Today, the Wall Street Journal released data from their analysis of large U.S.-based multinational companies showing that global companies, aided by overseas revenue, are faring better than purely domestic companies during the economic recovery.
“Nearly 60% of the revenue growth between 2009 and 2011 at the companies in the Journal’s analysis came from outside the U.S.,” according to the April 27, 2012, WSJ article by Scott Thurm.
The data also revealed that 35 of these large U.S. companies “added jobs much faster than other U.S. employers in the past two years, but nearly three-fourths of those jobs were overseas.”
As the global managing partner of a U.S.-based law firm with offices in the U.S., Latin America, Asia, Europe, and the Middle East, nearly every day I see, first hand, the growing opportunities for U.S.-based companies in emerging markets.
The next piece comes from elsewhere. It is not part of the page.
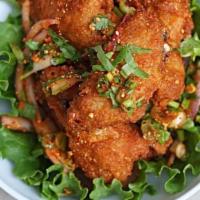Wing Zabb · Spicy**, Deep-fried chicken wings tossed with chili, rice powder, red onion, scallion and ci...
However, that doesn’t excuse the U.S. from keeping the home fire burning, especially where jobs are concerned.
The sad truth, in my opinion, is that the USA continues to miss the forest for the trees. Over-regulation and aspirational, morality-based legislation continues to drag the USA into the gutter while emerging markets without regulatory restrictions continue to bowl strikes. Capital flight, jobs, and private money will continue to seek opportunities in a global marketplace where the rewards will continue to outweigh the costs and risks of doing business at home.
It is one thing to preach about business virtues and morality while you’re on top, it is quite another when you’re fighting for your financial existence and your known markets continue to drive down and eat away at your net profits.
Jobs, investments, and smart money will continue to seek opportunities in emerging markets where the promise of wider profit margins are within reach.
Altruistic, sermon-like preaching is fine on holy days, whichever day that means for you, but capital markets are too ruthless to care about their place in the after life.